Georgia lies tucked into the mountains and valleys of the Caucasus range at the juncture of Europe and Asia. Slightly larger than the state of West Virginia, it shares borders with Russia to the north, Azerbaijan to the east, Turkey and Armenia to the south, and the Black Sea to the west. A favorite Georgian creation myth illustrates the nation’s passion for the pleasures of the table: It is said that when God was doling out land to the world’s various peoples, the Georgians were too busy feasting and toasting to notice and they missed the deadline for choosing a homeland. God came by to scold them for ignoring his instructions, but was pleased to find them enjoying the bounty of the earth at a grand communal table, bending under the weight of fine wine and food. When the tamada (ritual toast master) rose to thank God for the magnificent world he had created, God was so touched that he gave the Georgians the land he had been reserving for himself–Paradise.
Other myths, too, color Georgia’s history. Legend has it that Prometheus lies here–chained to a peak of the Caucasus for eternity while vultures peck at his liver–as punishment for stealing fire from the gods. Jason and his Argonauts set sail from Greece toward ancient Colchis (what is now western Georgia) to seek the Golden Fleece and, with it, the throne of the kingdom of Thessaly. The sorceress Medea, princess of Colchis and granddaughter of the sun god Helios, helped him fulfill his quest.

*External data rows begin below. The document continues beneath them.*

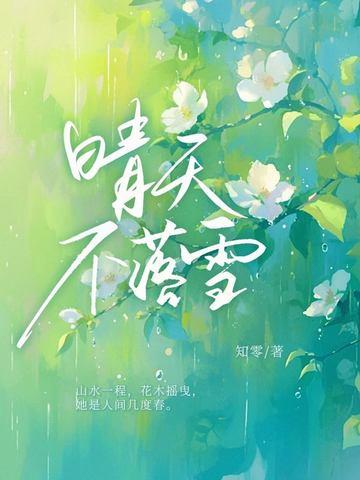 晴天不落雪女主是律师 晴天不落雪女主是律师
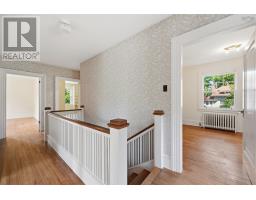 Workshop - 6470 Coburg Road, Halifax, NS B3H2A7 Photo 20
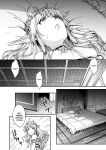 [H.B.A (Usagi Nagomu)] Tasogare no Shou Elf 4 [Decensored] [Digital] [English]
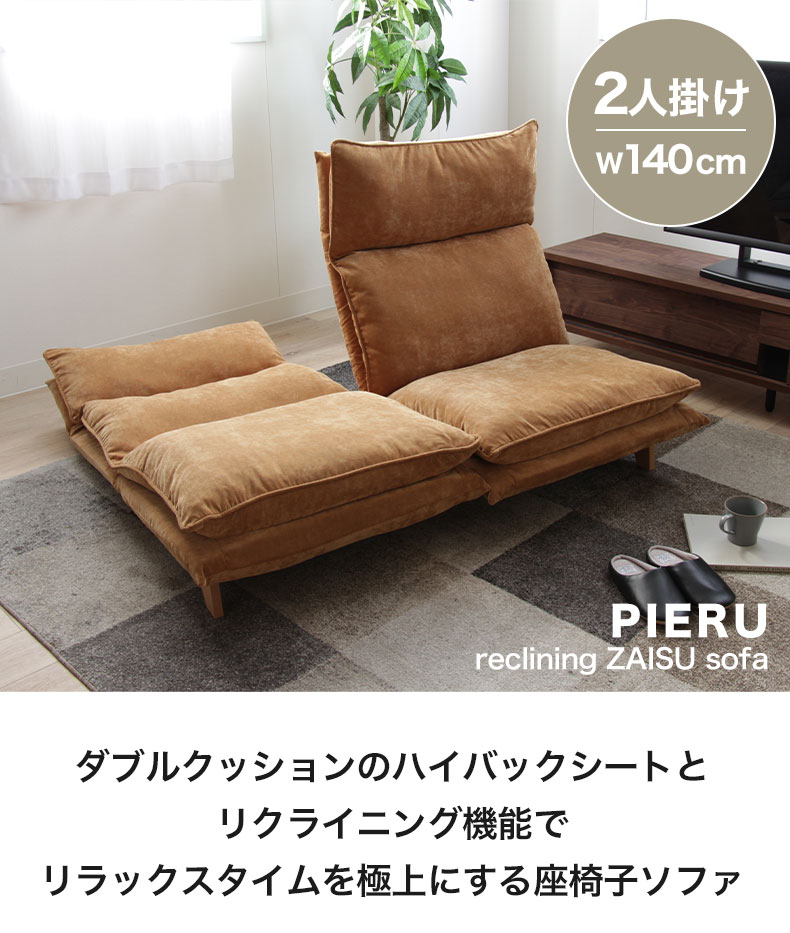 2人掛け ソファ リクライニング ピエル5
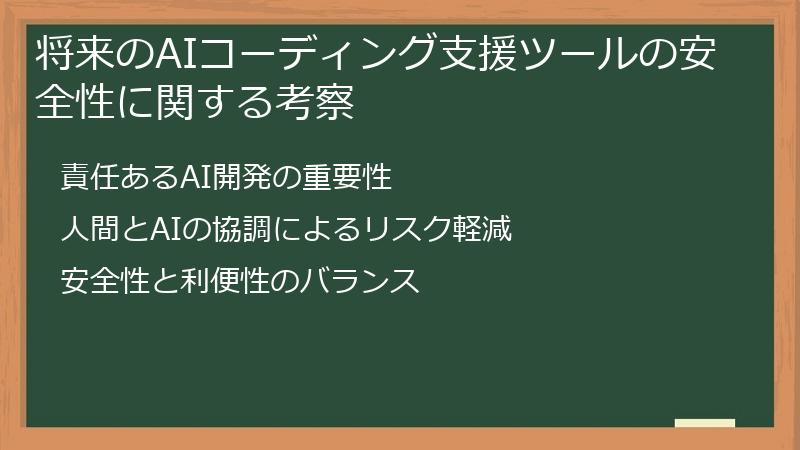 将来のAIコーディング支援ツールの安全性に関する考察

Sadly, Georgia is most well-known in the West today for its short-lived 2008 war with Russia over the claims to independence of separatist regions Abkhazia and South Ossetia. Having spent a significant amount of time living and studying in Russia, I’m curious to learn how recent events have influenced people’s attitudes toward Russia, its people, and its language (which I hope to be able to use to communicate until my Georgian vocabulary expands beyond its current boundaries of “hello,” “thank you,” and “cheese bread.”)
My Russian host mother introduced me to Georgian cuisine while I was studying abroad in Moscow. The tamer flavors of central Russian cooking left her tastebuds wanting, and she turned to Georgian dishes for their lively spices and garlicky kick. Influenced by Middle Eastern, Persian, and Mediterranean foodways but decidedly not a melange of the three, Georgian cuisine thrives on a balance of nutty, tart, and herbal flavors. Walnuts are used copiously, both as a flavoring and a binding agent, as are a wide variety of herbs and beans. Fruits make frequent appearances in savory dishes, but Georgians prefer the tang of pomegranate, immature grape, and sour plum to the sweeter prunes and quince commonly used in Persian dishes. Grape vines criss-cross the country, and at-home wine production is still common.
I will be living in the city of Batumi, situated on the Black Sea coast just 12 miles from the Turkish border. Its region–Achara– boasts a subtropical climate ideal for citrus groves, tea plantations, palms and magnolias. Over the course of the next several months, I will be sharing my observations and taste impressions from this small corner of the world. If you are curious about a particular aspect of food culture in this region, please don’t hesitate to share it with me. I welcome post “assignments” and ideas of all sorts! I am not sure how stable and consistent my Internet access will be at this point, but will do my best to post as frequently as possible.